[Recorded data — start]

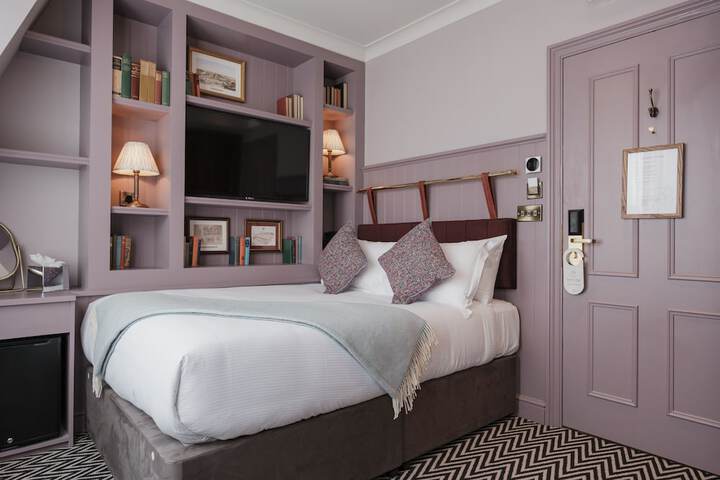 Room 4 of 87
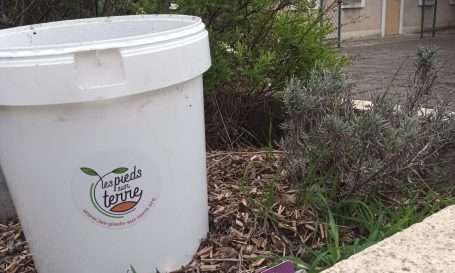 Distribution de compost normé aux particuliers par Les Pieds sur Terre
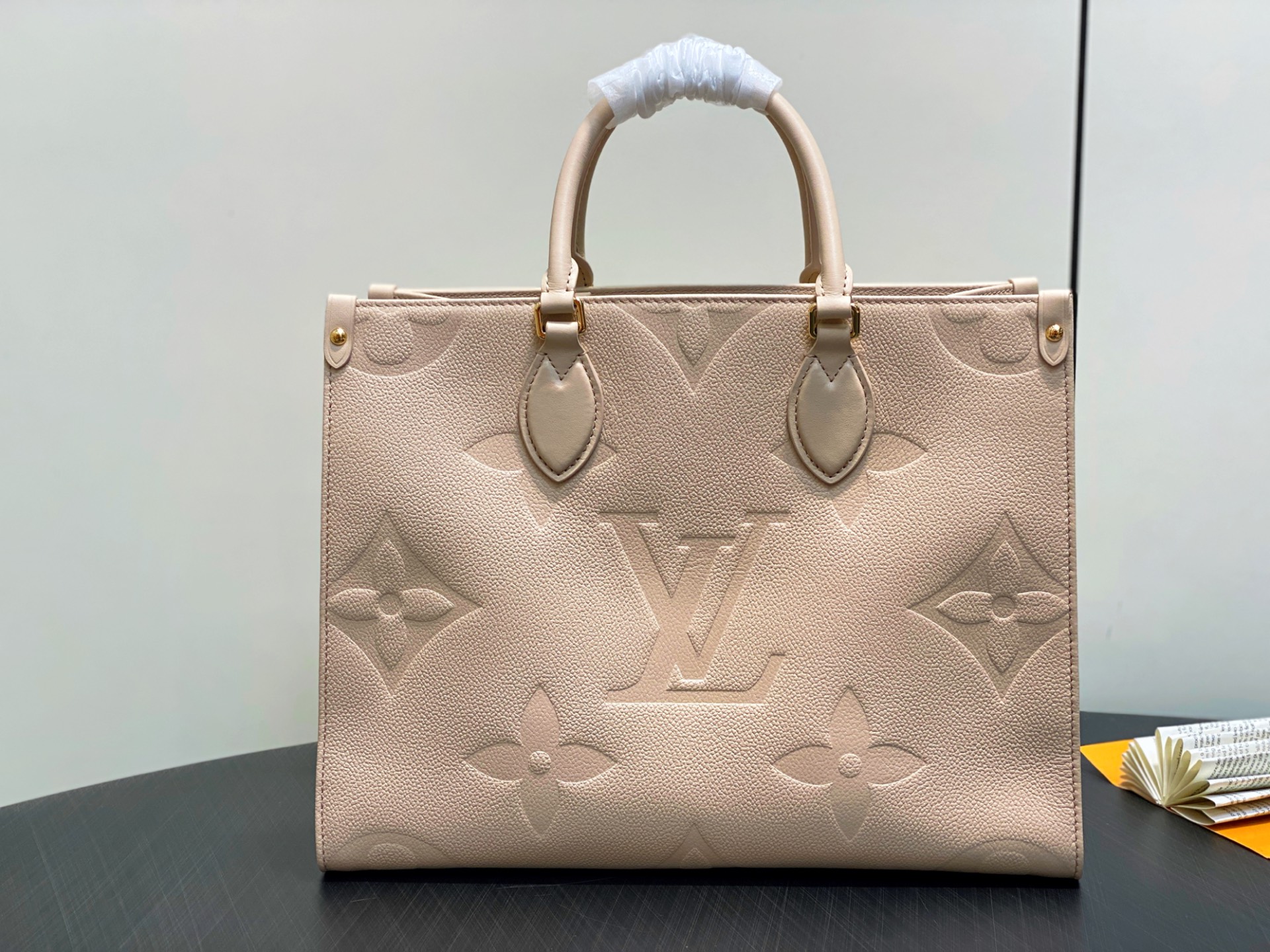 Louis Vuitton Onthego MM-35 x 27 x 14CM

[Recorded data — finish]

**Action item:**
Each line of the listing above should be retyped exactly, with no pictures.

**Result for this task:**
 Room 4 of 87
 Distribution de compost normé aux particuliers par Les Pieds sur Terre
 Louis Vuitton Onthego MM-35 x 27 x 14CM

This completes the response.